### Exercise requirements:
Repeat the data exactly. Pictures are not part of the copy.

### Records supplied:

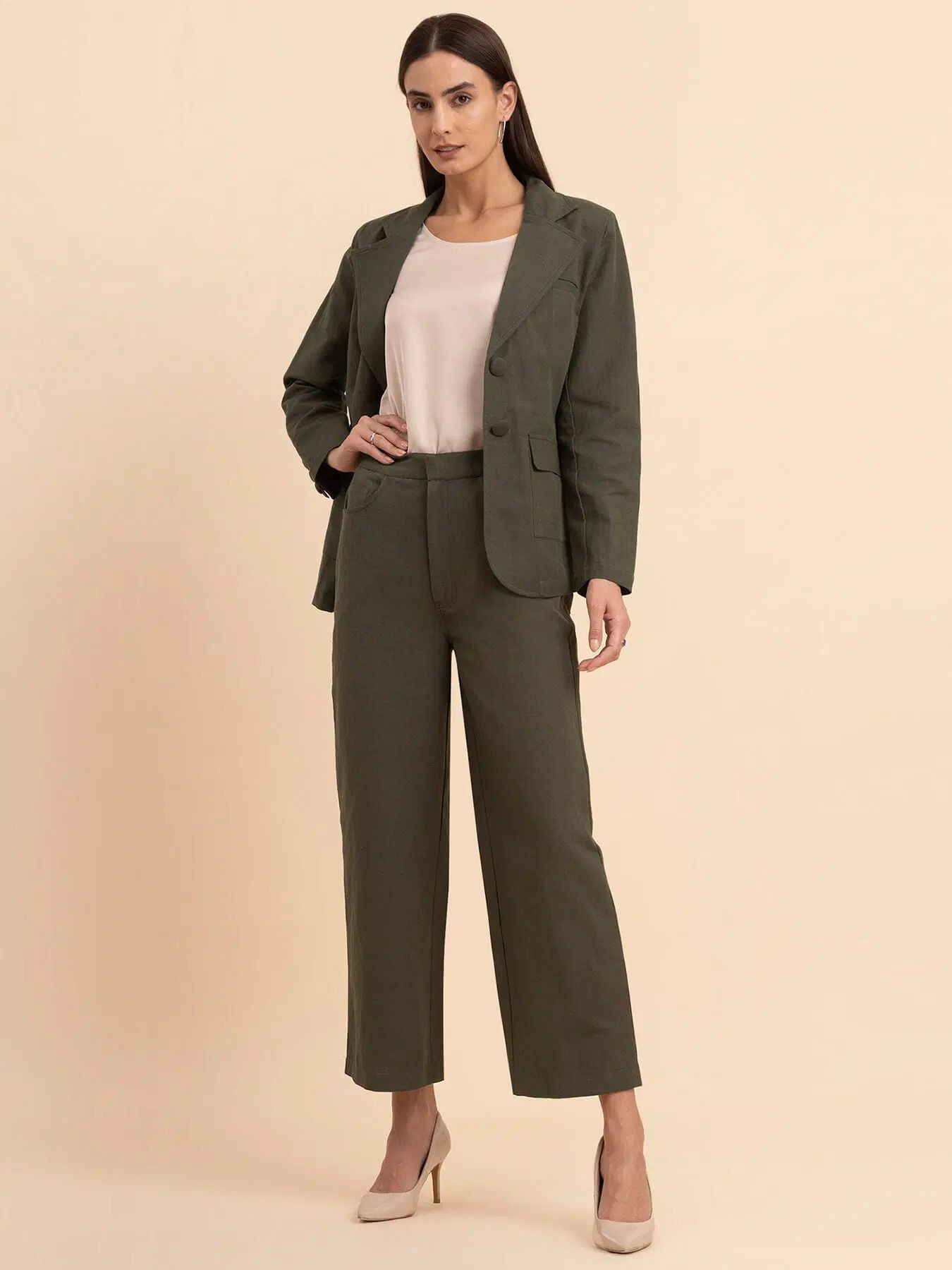 Women Solid Single Breasted Casual Blazer-image-10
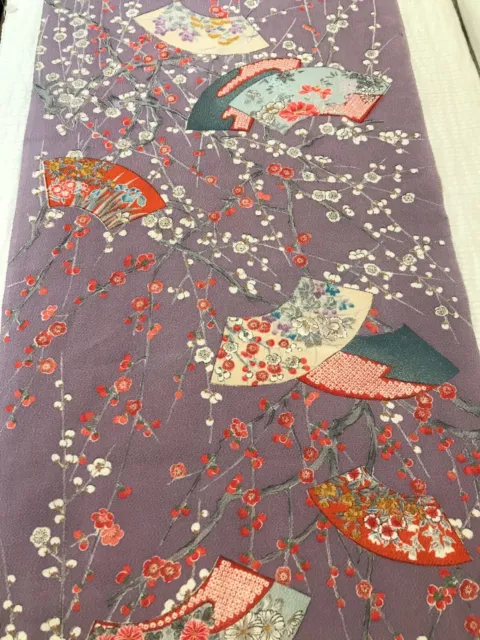 @@110 cm x 35 cm Japanese kimono silk fabric/ Chirimen crepe/ lavender W29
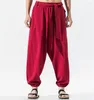 MEN039S PANTS HIP HOP COTTON LINEN HAREM MEN PLUSサイズワイドレッグズボン5xl 6xl 7xl Autunmカジュアルクロスパンツ1498983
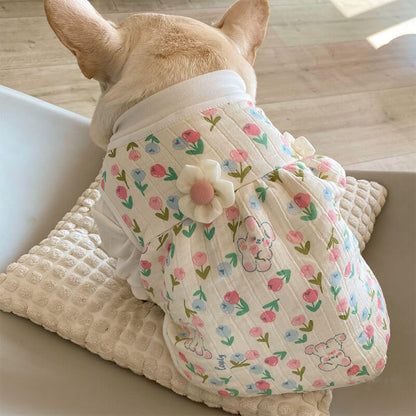 Dog White Dress with Flower Pin for small medium dogs by Frenchiely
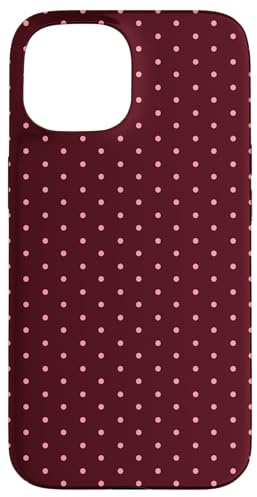 Petits Pois Bordeaux et Rose Vintage bohème esthétique Coque pour iPhone 15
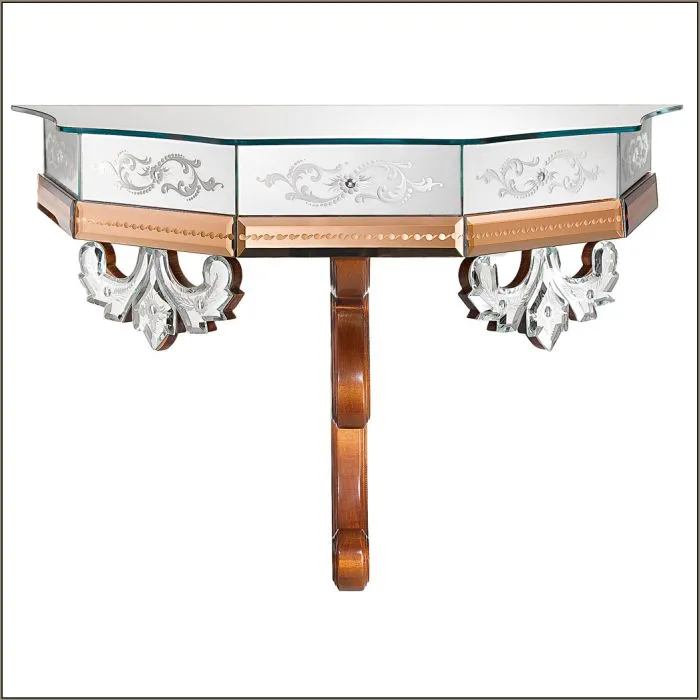 French-Style  Console Table With Pink Venetian Mirror Glass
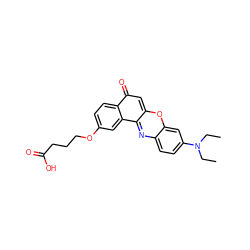 CCN(CC)c1ccc2nc3c4cc(OCCCC(=O)O)ccc4c(=O)cc-3oc2c1 ZINC000029123635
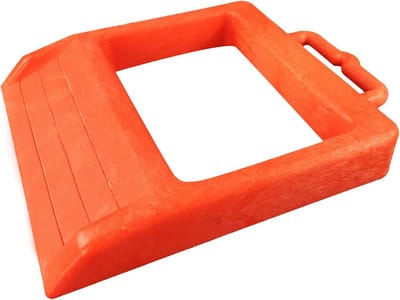 Zware Wielkeg Voor Pallettrucks en Trailers - Antislip Wielstopper in Oranje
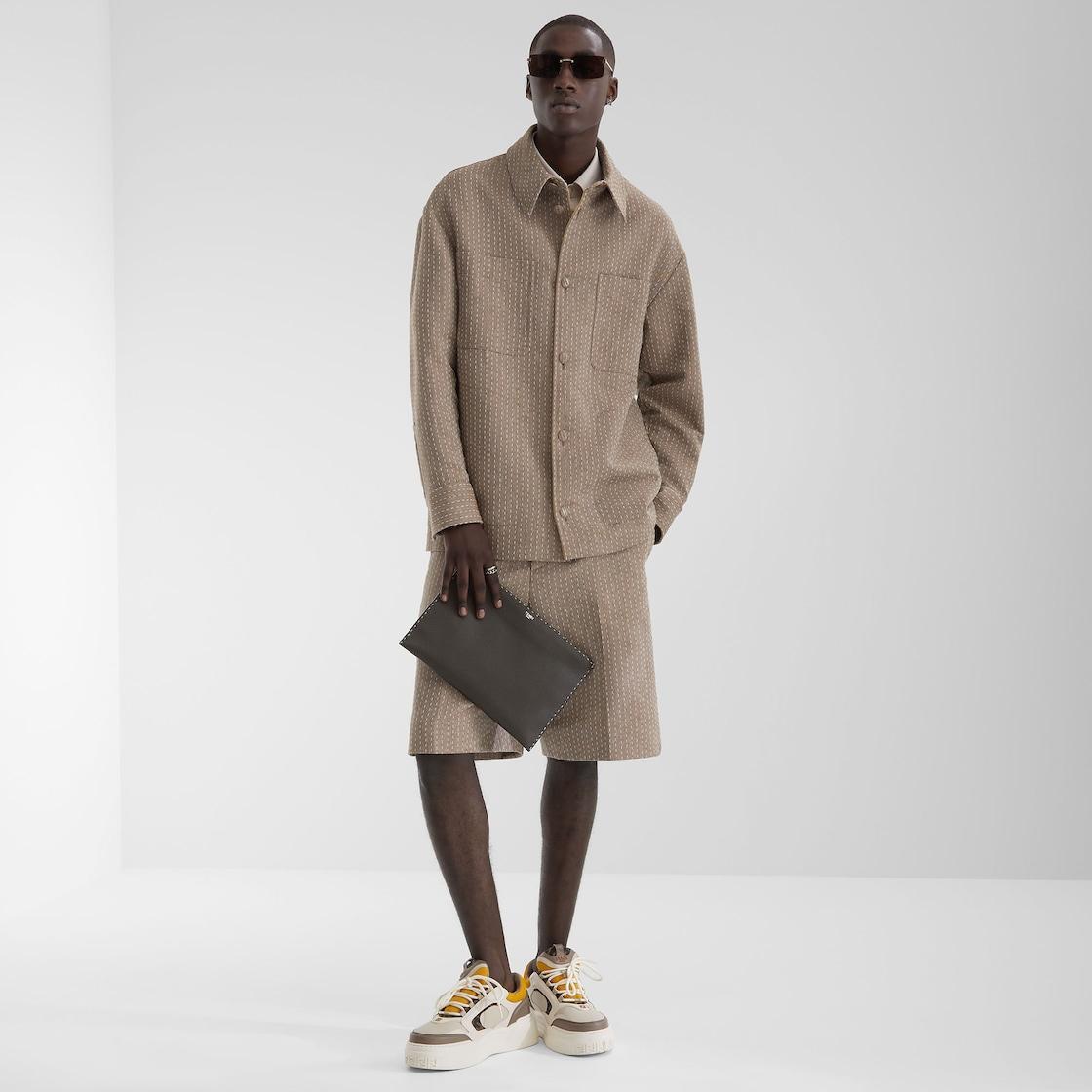 Fendi Force sneakersWhite, brown and yellow leather low-tops Product Image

### The answer:
 Women Solid Single Breasted Casual Blazer-image-10
 @@110 cm x 35 cm Japanese kimono silk fabric/ Chirimen crepe/ lavender W29
 MEN039S PANTS HIP HOP COTTON LINEN HAREM MEN PLUSサイズワイドレッグズボン5xl 6xl 7xl Autunmカジュアルクロスパンツ1498983
 Dog White Dress with Flower Pin for small medium dogs by Frenchiely
 Petits Pois Bordeaux et Rose Vintage bohème esthétique Coque pour iPhone 15
 French-Style  Console Table With Pink Venetian Mirror Glass
 CCN(CC)c1ccc2nc3c4cc(OCCCC(=O)O)ccc4c(=O)cc-3oc2c1 ZINC000029123635
 Zware Wielkeg Voor Pallettrucks en Trailers - Antislip Wielstopper in Oranje
 Fendi Force sneakersWhite, brown and yellow leather low-tops Product Image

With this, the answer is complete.